• HOW TO COMPLETE THIS TASK: Line by line, restate the material word for word, omitting any image.

• DATA EXCERPT:

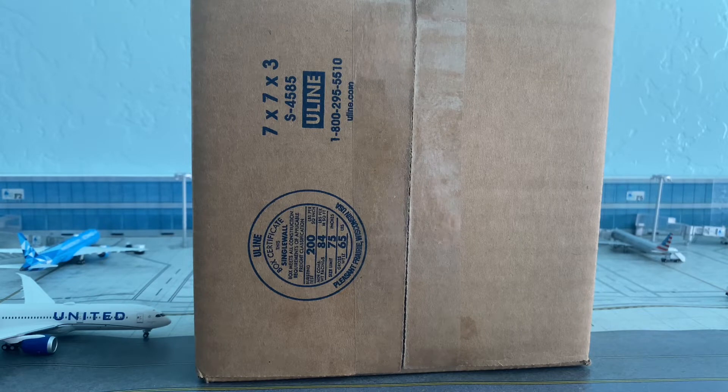What's up YouTube! Flex Avgeek here with another video. Hope you guys are having a great day. Today I'm going to be reviewing the Air Tahiti 787-9 from NG Models. Let's get into it.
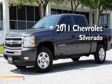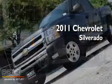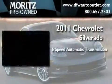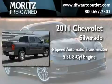This is a brand-new 2011 Chevrolet Silverado. This truck has a six-speed automatic transmission and a 5.3-liter V8.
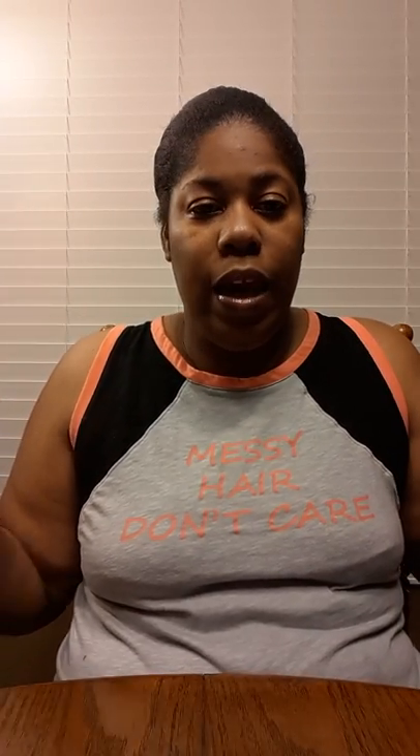Hey YouTube world, this is your girl Shawon Shanee. Hey y'all, I'm back — it's been a minute but I'm back. So I'm just going to talk about some money saving apps that I have, that I actually earn money back from when purchasing stuff.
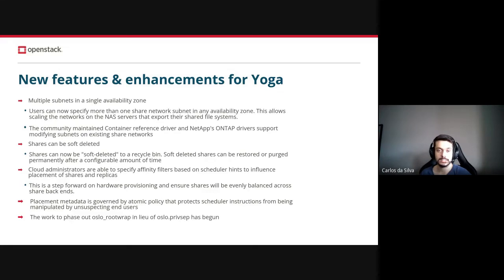Another highlight is that shares cannot be self-deleted. Since Yoga, there is a sort of a recycle bin in Manila, and shares can be deleted to this recycle bin. These soft-deleted shares can be restored or purged permanently after a configurable amount of time. Also, cloud administrators are now able to specify affinity filters based on scheduler hints to influence the placement of shares and replicas.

• RESPONSE TO THIS EXERCISE:
What's up YouTube! Flex Avgeek here with another video. Hope you guys are having a great day. Today I'm going to be reviewing the Air Tahiti 787-9 from NG Models. Let's get into it.
This is a brand-new 2011 Chevrolet Silverado. This truck has a six-speed automatic transmission and a 5.3-liter V8.
Hey YouTube world, this is your girl Shawon Shanee. Hey y'all, I'm back — it's been a minute but I'm back. So I'm just going to talk about some money saving apps that I have, that I actually earn money back from when purchasing stuff.
Another highlight is that shares cannot be self-deleted. Since Yoga, there is a sort of a recycle bin in Manila, and shares can be deleted to this recycle bin. These soft-deleted shares can be restored or purged permanently after a configurable amount of time. Also, cloud administrators are now able to specify affinity filters based on scheduler hints to influence the placement of shares and replicas.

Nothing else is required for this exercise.